Thailand’s main opposition party petitioned a court on Tuesday to annul last weekend’s national election, launching a legal challenge that could prolong the deeply divided country’s political paralysis.
The Democrat Party’s petition to the Constitutional Court also urges the dissolution of Prime Minister Yingluck Shinawatra’s ruling party, which called Sunday’s elections in a bid to defuse anti-government protests that started three months ago.
Wiratana Kalayasiri, a former opposition lawmaker and head of the Democrat Party’s legal team, said the petition argues the polls violated the constitution on several grounds, including that they were not completed in one day.
Critics call the Democrats’ argument counterintuitive, saying the reason the election could not be finished in one day is because anti-government protesters backed by the party sabotaged the vote.
The Democrat Party boycotted the election, and the protesters aligned with it forced the closure of hundreds of polling stations in Bangkok and the south, preventing millions of people from voting.
As a result, a series of special elections are required to complete the balloting. Election results cannot be announced until all areas have successfully voted.
“This election has violated the constitution on several counts, but mainly it was not a fair one,” Mr. Wiratana said. “The election was not held on the same day... that is why we are seeking to nullify it.”
Despite fears of violence, the voting proceeded peacefully in 90 percent of polling stations.
The struggle to hold the balloting was part of a 3-month-old conflict that has split the country between supporters of Ms. Yingluck and opponents, who allege her government is too corrupt to rule, and that she is a puppet of her brother, ousted Prime Minister Thaksin Shinawatra.
Mr. Thaksin, a billionaire businessman who is the most divisive figure in modern Thai history, fled into exile to avoid a corruption conviction after being deposed in a 2006 military coup.
The demonstrators have occupied major intersections in Bangkok and forced government ministries to shut down and work elsewhere.
The protesters are demanding the elected government be replaced by an unelected “people’s council” to enact reforms ahead of new elections and remove the Shinawatra family’s influence from politics.
Ms. Yingluck has refused to step down, arguing she was elected by a large majority and is open to reform, but that such a council would be unconstitutional and undemocratic.
China cancels rice deal with Thailand
Meanwhile, China cancelled a deal to buy more than a million tonnes of rice from Thailand due to a probe into the Thai government’s subsidies for rice growers.

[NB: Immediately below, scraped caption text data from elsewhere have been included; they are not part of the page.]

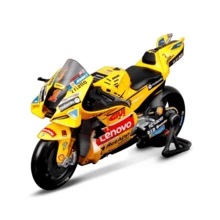 Burago 1:18 Scale Officially Licensed Ducati Team #1 Bagnaia Motorcycle Toy Model, Realistic Alloy Bike Figurine, Children Gift & Collection - 1:18 Ducati  Team #1 Banjaya Yellow - View 9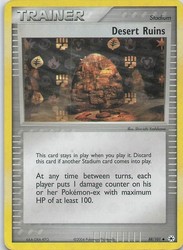 Desert Ruins 88/101 Hidden Legends Reverse Holo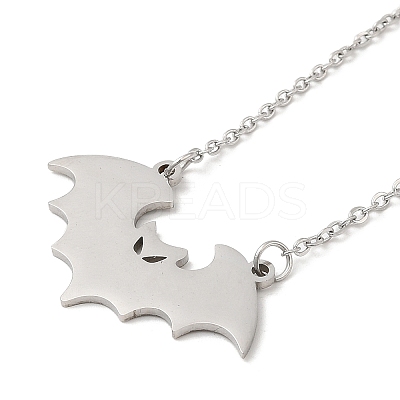 Non-Tarnish 304 Stainless Steel Pendant Necklaces NJEW-H010-02P-1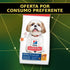 Oferta Outlet de bolsa de alimento Hill's Science Diet Adult 7+ Small Bites para perros senior sabor pollo con imagen de perro Shih Tzu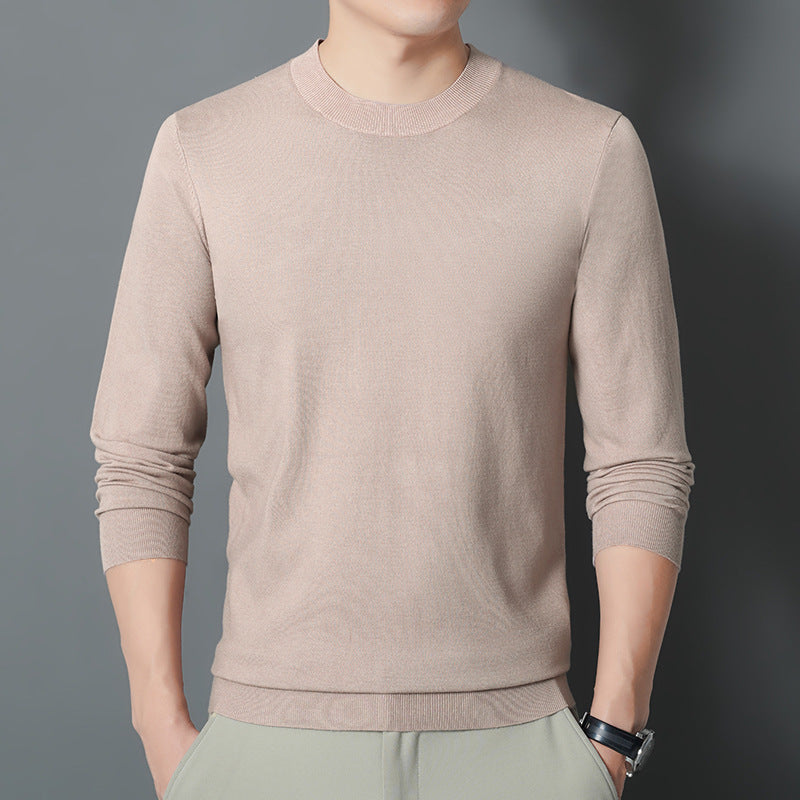 Men's fine round neck sweater made of fine knit with a narrow silhouette Mune Fashion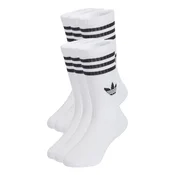 ADIDAS ORIGINALS Nogavice 3-Stripes Crew 6 Pairs Kids črna/bela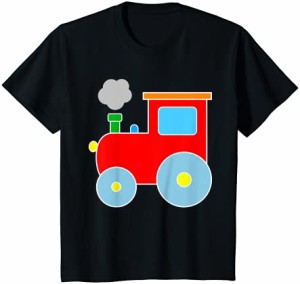 キッズ スチーム機関車エンジンシャツ 電車 幼児 男の子 Tシャツ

Thai Commerce Minister Niwattumrong Boonsongpaisan said on Tuesday that a Chinese state company terminated a contract to buy 1.2 million tonnes of rice.
The rice scheme is a flagship policy of Ms. Yingluck’s embattled caretaker government.
Critics say the policy of buying rice from growers at above market prices has accumulated losses of at least $4.46 billion and has been dogged by corruption.
Thousands of farmers have blocked main roads in the provinces to demand overdue payments from the government.
Indian to be deported for leading protests
The Thai government on Tuesday ordered the deportation of an Indian businessman for leading a group of protesters in a business district in Bankok demanding the ouster of Ms. Yingluck .
Satish Sehgal, chairman of the Thai-Indian Business Association, was ordered to be deported by Thailand’s Centre for Maintaining Peace and Order (CMPO), which is overseeing the government’s response to protests, according to Thai news agency MCOT.
The CMPO directed immigration authorities and police to start procedures to deport Sehgal, who has been living in Bangkok for decades and holds an Indian passport, for leading anti-government protests and defying a state of emergency.
Mr. Sehgal was a core member of the protests aimed at ousting Ms. Yingluck.
Authorities had warned last month that action would be taken against five non-Thai protesters for their active role in demonstrations led by former Democrat lawmaker Suthep Thaugsuban.
Last month, Sehgal led a group of protesters in Bangkok’s business district and called for the elected government to quit. He also publicly criticised the government and showed his strong affiliation to the opposition Democrat Party.
Thailand has a sizable population of ethnic Indian businessmen who have largely remained focused on increasing their business presence.